Once the court had determined that jurisdiction over at least one plaintiff was proper, it turned to the issue of whether Myriad's composition claims to “isolated” DNA molecules, its method claims directed to “analyzing” or “comparing” DNA sequences, and its claim to a method for screening potential cancer therapeutics were patent-eligible subject matter. At the outset, the court made it clear that it would not consider any public policy factors in its decision, stating that this appeal:

is not about whether individuals suspected of having an increased risk of developing breast cancer are entitled to a second opinion. Nor is it about whether the University of Utah, the owner of the instant patents, or Myriad, the exclusive licensee, has acted improperly in its licensing or enforcement policies with respect to the patents. The question is also not whether is it desirable for one company to hold a patent or license covering a test that may save people's lives, or for other companies to be excluded from the market encompassed by such a patent ' that is the basic right provided by a patent, i.e., to exclude others from practicing the patented subject matter. It is also not whether the claims at issue are novel or nonobvious or too broad. Those questions are not before us. It is solely whether the claims to isolated BRCA DNA, to methods for comparing DNA sequences, and to a process for screening potential cancer therapeutics meet the threshold test for patent-eligible subject matter under 35 U.S.C. ' 101 in light of various Supreme Court holdings, particularly including Mayo.

Addressing Myriad's composition of matter claims, the Federal Circuit noted that while the Supreme Court has consistently interpreted ' 101 of the Patent Act broadly, it has also consistently held that it is not unlimited and its precedents provide three judicially created exceptions to ' 101's broad patent-eligibility principles: “Laws of nature, natural phenomena, and abstract ideas are not patentable.” Mayo, 132 S.Ct. at 1293. In reviewing Myriad's composition of matter claims, the court did not rely on Mayo because it concerned the patentability of method claims and was inapplicable to Myriad's composition of matter claims. Instead, the court relied on the Supreme Court's ruling in Diamond v. Chakrabarty, 447 U.S. at 313, 100 S.Ct. 2204, 65 L.Ed.2d 144 (1980), which held a genetically engineered bacteria to be patent eligible whereas a naturally occurring bacteria is not. The Court in Chakrabarty noted that “the relevant distinction for purposes of ' 101 is ' between products of nature ' and human-made inventions.” The court here held that the isolated DNA at issue is patent eligible because it is not just “purified” DNA as it exists in the body but rather the isolated DNA molecules are markedly different and “result[ ] from human intervention to cleave or synthesize a discrete portion of a native chromosomal DNA, imparting on that isolated DNA a distinctive chemical identity as compared to native DNA.” To be clear, the structural change the court discussed is that the isolated DNA molecule is cleaved from the larger chromosomal molecule by enzymatic cleaving at each end slightly altering the terminal sequences.

The Federal Circuit expressly rejected the arguments adopted by the trial court (and the dissent) that because the isolated DNA retains the same nucleotide sequence as native DNA it does not have any “markedly different” characteristics to the naturally occurring native DNA. The court also recognized that biologists think of molecules such as DNA in terms of their uses, but reiterated that materials of a chemical nature are best described in patents by their structure not their function and, while noting that DNA is a chemical entity that conveys genetic information, the court refused to regard DNA as a special case:

Uses of chemical substances may be relevant to the non-obviousness of these substances or to the method claims embodying those uses, but the patent eligibility of an isolated DNA is not negated because it has similar informational properties to a different, more complex natural material. The claimed isolated DNA molecules are distinct from their natural existence as portions of larger entities, and their informational content is irrelevant to that fact.

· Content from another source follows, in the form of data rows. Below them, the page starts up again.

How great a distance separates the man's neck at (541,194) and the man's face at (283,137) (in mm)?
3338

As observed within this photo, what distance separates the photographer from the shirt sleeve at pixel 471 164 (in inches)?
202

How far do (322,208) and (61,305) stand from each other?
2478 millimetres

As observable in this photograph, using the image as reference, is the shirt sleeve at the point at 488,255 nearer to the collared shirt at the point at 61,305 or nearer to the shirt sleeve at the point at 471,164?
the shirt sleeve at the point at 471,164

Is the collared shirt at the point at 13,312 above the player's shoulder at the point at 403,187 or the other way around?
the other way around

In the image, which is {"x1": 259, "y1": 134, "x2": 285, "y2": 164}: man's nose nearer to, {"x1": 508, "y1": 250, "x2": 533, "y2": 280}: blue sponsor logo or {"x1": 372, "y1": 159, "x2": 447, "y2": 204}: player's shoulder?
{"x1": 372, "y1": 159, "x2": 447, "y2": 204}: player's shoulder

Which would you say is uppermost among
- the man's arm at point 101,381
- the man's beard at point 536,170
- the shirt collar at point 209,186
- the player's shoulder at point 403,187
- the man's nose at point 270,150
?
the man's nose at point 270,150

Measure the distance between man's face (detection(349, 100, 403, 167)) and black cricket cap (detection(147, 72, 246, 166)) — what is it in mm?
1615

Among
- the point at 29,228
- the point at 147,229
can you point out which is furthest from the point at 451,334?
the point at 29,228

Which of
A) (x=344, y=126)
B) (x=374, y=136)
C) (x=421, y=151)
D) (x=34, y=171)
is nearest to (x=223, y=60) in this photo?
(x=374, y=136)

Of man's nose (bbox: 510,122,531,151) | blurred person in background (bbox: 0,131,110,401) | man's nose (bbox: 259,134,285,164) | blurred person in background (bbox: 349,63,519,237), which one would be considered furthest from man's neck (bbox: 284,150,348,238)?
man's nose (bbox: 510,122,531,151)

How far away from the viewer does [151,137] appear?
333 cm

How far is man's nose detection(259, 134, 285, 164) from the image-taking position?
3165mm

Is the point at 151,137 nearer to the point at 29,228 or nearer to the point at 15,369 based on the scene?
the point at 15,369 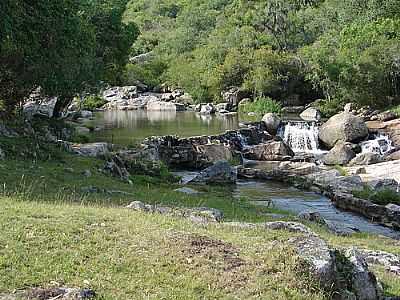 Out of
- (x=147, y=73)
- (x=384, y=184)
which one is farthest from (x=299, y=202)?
(x=147, y=73)

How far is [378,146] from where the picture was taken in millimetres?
42062

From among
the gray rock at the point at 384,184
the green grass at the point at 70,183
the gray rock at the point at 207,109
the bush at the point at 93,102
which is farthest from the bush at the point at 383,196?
the bush at the point at 93,102

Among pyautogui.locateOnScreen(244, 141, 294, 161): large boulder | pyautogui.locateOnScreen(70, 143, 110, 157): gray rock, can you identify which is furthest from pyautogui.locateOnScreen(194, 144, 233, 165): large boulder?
pyautogui.locateOnScreen(70, 143, 110, 157): gray rock

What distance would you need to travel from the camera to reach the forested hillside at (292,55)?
5775cm

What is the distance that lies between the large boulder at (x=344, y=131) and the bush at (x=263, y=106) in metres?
21.5

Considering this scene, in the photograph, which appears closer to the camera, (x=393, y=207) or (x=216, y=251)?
(x=216, y=251)

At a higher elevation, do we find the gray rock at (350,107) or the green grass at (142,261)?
the gray rock at (350,107)

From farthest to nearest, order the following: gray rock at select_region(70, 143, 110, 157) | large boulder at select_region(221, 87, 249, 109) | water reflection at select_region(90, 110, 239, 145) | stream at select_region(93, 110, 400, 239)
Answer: large boulder at select_region(221, 87, 249, 109)
water reflection at select_region(90, 110, 239, 145)
gray rock at select_region(70, 143, 110, 157)
stream at select_region(93, 110, 400, 239)

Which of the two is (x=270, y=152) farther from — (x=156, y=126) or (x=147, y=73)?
(x=147, y=73)

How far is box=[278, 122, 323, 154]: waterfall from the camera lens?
45.8 meters

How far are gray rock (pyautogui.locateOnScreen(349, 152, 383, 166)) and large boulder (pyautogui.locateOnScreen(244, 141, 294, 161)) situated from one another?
14.6ft

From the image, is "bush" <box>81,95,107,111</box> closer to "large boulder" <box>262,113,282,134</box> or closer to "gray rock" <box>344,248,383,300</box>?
"large boulder" <box>262,113,282,134</box>

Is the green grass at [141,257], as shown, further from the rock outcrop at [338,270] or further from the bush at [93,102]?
the bush at [93,102]

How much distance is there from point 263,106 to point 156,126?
1711 cm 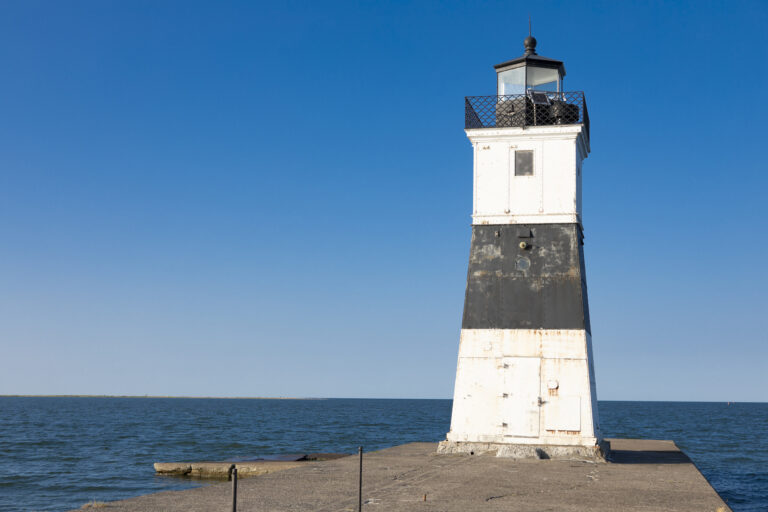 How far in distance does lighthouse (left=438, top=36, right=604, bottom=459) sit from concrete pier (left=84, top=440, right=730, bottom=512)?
3.17ft

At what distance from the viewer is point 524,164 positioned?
61.4 ft

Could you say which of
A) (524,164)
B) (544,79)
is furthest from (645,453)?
(544,79)

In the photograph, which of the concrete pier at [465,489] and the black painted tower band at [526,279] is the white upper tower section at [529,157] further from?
the concrete pier at [465,489]

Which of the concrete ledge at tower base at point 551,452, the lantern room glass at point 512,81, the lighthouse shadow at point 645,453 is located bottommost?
the lighthouse shadow at point 645,453

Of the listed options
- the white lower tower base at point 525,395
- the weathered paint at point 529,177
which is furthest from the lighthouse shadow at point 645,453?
the weathered paint at point 529,177

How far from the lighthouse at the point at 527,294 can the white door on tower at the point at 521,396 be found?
0.08 ft

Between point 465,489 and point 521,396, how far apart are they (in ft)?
18.8

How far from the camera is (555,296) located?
58.7 ft

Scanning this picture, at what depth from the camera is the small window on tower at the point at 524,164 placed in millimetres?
18641

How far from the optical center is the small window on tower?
61.2ft

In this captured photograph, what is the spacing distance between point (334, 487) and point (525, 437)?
632 cm

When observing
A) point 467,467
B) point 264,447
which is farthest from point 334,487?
point 264,447

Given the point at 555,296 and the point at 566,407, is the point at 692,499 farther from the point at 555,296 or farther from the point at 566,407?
the point at 555,296

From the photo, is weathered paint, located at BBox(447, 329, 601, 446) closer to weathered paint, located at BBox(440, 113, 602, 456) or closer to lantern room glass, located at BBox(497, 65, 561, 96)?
weathered paint, located at BBox(440, 113, 602, 456) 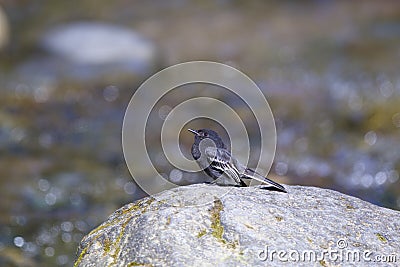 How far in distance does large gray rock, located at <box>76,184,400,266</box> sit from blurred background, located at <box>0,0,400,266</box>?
4190mm

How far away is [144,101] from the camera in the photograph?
15898 millimetres

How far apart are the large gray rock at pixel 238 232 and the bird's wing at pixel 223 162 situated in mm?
230

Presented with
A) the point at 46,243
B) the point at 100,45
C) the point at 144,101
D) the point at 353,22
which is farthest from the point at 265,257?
the point at 353,22

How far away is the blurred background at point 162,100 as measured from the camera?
11.5 m

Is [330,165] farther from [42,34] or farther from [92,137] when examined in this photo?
[42,34]

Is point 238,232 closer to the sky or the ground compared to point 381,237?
closer to the ground

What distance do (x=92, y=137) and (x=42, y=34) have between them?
22.1ft

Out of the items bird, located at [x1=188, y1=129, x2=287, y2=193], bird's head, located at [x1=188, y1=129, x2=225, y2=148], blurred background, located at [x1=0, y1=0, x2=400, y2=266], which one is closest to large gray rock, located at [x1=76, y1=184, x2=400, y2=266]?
bird, located at [x1=188, y1=129, x2=287, y2=193]

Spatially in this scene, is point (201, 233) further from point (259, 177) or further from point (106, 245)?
point (259, 177)

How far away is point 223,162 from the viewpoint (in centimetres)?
600

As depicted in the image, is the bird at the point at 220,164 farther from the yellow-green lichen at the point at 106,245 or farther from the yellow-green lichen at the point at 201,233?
the yellow-green lichen at the point at 106,245

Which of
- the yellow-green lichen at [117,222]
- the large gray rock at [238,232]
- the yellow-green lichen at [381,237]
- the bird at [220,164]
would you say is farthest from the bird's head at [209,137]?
the yellow-green lichen at [381,237]

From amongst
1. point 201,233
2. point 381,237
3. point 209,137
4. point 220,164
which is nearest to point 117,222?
point 201,233

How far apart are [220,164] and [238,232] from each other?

With regard to Myriad's method claims to analyzing and comparing BRCA DNA sequences, the Federal Circuit affirmed both the trial court and its own prior decision in light of the Supreme Court's ruling in Mayo on the ground that they claim only abstract mental processes which is patent ineligible subject matter. The court recognized that Myriad's method claims recite only the mental steps of “comparing” and “analyzing” and were almost indistinguishable from those in Mayo. The claims in Mayo required the steps of “administering” a drug dosage, “determining” the level of drug metabolites and “comparing” that level to predetermined levels to optimize drug dosage. The Supreme Court held those claims patent ineligible because they were “not sufficiently transformative of what was otherwise a claim to a natural law.” Following Mayo, the Federal Circuit similarly held Myriad's method claims invalid under ' 101.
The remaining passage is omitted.